Again, Obama Places Campaigning Over Sequester Solution
“Too often with this White House, the solution to any challenge is ramping up campaign-style events. To a hammer, everything looks like a nail." ~ Charlie Cook, National Journal.
|by AF Branco|
Indeed, Republicans have long said that more targeted cuts of the same amount would be preferable to the current unfocused approach that the president is spending so much time campaigning against. As Senate Republican Leader Mitch McConnell said earlier this week, “Surely the President won't cut funds to first responders when just last year Washington handed out an estimated $115 billion in payments to individuals who weren’t even eligible to receive them, or at a time when 11 different government agencies are funding 90 different green energy programs. That would be a terrible and entirely unnecessary choice by a President who claims to want bipartisan reform.”
Writing at National Review Online yesterday, Sen. John Barrasso (R-WY) added, “Instead of more blame and explanation, it’s time for leadership. At the beginning of this year, Republicans worked with the president to avoid the so-called fiscal cliff. We approved a two-month delay of the sequester, intended to provide room and time for a larger solution. House Republicans have also passed multiple bills to replace the sequester with responsible spending cuts. Senate Democratic majority leader Harry Reid blocked these bills and never allowed them to get a vote. . . . Sequestration is about living up to the promises of cutting government spending. America has a spending problem and Washington cannot ignore it any longer.”
But, as ever, President Obama is more interested in campaigning and pointing fingers than working across the aisle to find a solution. Politico writes today that Obama “has been so certain of his campaign skills that he didn’t open a line of communication with House Speaker John Boehner and Senate Minority Leader Mitch McConnell until Thursday, a week before the spending ax hits. And when they did finally hear from Obama, the calls were perfunctory, with no request to step up negotiations or invitations to the White House.” Further, Politico notes, “Obama’s all-in on an outside strategy, doing just about everything other than holding serious talks with Republicans. In the last two days alone, he’s courted local TV anchors, called in a select group of White House correspondents to talk off the record, chatted up black broadcasters and announced plans to stump next week at Virginia’s Newport News Shipyard. Throughout, he’s talked in tough terms that signal little interest in compromise — or suggestion of backing down.”
Even New York Times columnist David Brooks is tired of seeing this same movie over and over again starring the president: “Under the Permanent Campaign Shimmy, the president identifies a problem. Then he declines to come up with a proposal to address the problem. Then he comes up with a vague-but-politically-convenient concept that doesn’t address the problem (let’s raise taxes on the rich). Then he goes around the country blasting the opposition for not having as politically popular a concept. Then he returns to Washington and congratulates himself for being the only serious and substantive person in town. Sequestration allows the White House to do this all over again. The president hasn’t actually come up with a proposal to avert sequestration, let alone one that is politically plausible.”

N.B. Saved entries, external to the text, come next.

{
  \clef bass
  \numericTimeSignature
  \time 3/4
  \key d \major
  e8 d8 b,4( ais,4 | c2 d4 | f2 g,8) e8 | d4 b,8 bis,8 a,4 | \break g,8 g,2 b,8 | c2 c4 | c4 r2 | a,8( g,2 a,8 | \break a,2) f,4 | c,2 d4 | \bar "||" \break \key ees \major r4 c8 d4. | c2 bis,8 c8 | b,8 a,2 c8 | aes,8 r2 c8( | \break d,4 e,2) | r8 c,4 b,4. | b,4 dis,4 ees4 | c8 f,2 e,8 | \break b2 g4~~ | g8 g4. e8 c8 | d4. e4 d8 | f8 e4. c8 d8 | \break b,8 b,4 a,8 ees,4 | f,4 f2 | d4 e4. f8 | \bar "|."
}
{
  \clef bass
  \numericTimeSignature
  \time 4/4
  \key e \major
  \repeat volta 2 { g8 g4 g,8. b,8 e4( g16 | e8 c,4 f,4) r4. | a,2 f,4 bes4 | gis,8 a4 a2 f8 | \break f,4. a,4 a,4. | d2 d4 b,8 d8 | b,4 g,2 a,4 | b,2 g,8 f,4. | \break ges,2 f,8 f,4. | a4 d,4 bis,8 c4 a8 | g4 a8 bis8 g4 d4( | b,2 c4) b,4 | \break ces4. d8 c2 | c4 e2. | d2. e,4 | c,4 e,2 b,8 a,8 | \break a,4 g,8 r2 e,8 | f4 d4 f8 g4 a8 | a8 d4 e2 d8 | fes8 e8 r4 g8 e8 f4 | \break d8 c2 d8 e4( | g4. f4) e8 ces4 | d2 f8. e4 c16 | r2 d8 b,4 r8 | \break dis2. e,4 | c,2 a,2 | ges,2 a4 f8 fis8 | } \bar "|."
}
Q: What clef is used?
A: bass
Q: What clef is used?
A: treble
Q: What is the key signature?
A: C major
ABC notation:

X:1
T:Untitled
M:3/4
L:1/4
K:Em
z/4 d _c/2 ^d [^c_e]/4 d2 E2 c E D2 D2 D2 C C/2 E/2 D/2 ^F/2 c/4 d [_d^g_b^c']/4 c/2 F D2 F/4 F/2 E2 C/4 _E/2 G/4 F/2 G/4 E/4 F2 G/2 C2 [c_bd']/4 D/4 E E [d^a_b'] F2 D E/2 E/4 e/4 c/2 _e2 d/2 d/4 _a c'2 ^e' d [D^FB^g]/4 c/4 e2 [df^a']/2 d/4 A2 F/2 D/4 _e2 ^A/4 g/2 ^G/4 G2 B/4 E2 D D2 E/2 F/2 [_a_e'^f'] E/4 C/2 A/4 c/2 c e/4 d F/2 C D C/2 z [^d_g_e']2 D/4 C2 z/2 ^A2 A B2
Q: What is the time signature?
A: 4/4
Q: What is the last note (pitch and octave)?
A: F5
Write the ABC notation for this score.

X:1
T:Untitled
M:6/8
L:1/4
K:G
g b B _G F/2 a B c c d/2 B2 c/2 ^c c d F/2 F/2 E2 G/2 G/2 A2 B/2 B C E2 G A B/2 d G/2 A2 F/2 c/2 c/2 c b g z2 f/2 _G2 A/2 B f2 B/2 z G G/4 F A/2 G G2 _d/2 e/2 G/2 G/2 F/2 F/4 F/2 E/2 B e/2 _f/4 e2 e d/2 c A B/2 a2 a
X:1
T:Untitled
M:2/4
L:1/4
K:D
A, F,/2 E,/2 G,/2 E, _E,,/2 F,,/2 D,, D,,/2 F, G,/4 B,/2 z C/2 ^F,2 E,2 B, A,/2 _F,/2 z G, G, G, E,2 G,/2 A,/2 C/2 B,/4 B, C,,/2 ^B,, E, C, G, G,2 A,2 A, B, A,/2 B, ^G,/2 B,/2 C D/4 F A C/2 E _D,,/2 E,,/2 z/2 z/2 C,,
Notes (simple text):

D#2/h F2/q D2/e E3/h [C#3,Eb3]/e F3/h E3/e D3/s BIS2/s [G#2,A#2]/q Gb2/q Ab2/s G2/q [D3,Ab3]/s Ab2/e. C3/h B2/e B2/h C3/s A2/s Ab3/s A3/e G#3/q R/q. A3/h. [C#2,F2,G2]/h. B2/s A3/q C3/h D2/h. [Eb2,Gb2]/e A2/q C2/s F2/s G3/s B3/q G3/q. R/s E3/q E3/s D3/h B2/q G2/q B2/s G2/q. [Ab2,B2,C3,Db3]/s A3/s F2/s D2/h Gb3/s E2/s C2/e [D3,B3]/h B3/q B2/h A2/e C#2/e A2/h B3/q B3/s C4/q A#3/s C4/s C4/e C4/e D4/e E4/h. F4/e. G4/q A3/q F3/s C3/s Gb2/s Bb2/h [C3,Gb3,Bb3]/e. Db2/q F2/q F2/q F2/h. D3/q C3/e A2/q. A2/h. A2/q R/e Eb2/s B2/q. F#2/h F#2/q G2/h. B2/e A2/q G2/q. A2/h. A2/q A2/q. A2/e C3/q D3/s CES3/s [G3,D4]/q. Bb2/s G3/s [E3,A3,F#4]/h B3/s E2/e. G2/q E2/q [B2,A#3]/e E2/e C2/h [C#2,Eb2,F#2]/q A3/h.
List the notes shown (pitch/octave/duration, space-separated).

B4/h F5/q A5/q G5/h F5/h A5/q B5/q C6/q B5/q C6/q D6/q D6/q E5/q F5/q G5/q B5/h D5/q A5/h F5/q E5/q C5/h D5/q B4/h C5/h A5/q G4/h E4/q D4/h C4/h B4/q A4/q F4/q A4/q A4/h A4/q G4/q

Sen. McConnell has summed it up like this:
“It goes something like this: Phase 1: Republicans identify a challenge and propose a solution. Phase 2: Liberals sit on their hands until the last minute. Phase 3: They offer some gimmicky tax hike bill designed to fail – then blame everyone else when it does. Phases 1 and 2 have gone exactly according to plan. House Republicans proposed and passed plans to replace the sequester months ago. And as if on cue, Senate Democrats then doggedly refused to consider any of them, much less offer any of their own. So, here we are — again — at Phase 3, which means it’s now time for them to swoop in with the gimmick.
“If [Democrats] were the least bit serious about a solution, they’ve had more than a year to write a bill in committee, bring it to the floor, vote on amendments, get it to the House, and fix this!"
- “Obama’s been virtually absent from the legislative process” of replacing his sequester, reports Politico. After getting the $600 billion in tax hikes he wanted last month (with no spending cuts), “there has been no discernible effort by the White House to work on a bill that might pass.”
- “The Obama administration seems to be spending far more time warning of the consequences of the sequester — and blaming Republicans for it — than engaging in actual negotiations that would prevent it,” says ABC News
- “The president hasn’t actually come up with a proposal to avert sequestration,” says David Brooks in the New York Times, “let alone one that is politically plausible.”
- “Tuesday's event had the feeling of a campaign commercial that went too far to be believed,” says the Los Angeles Times
- Politico says calls to GOP leaders were “perfunctory,” meant to “inoculate” the president from criticism that he’s campaigning instead of urging Senate Democrats to follow the House and pass legislation replacing his sequester. Their headline asks, “Is President Obama overplaying sequester hand?”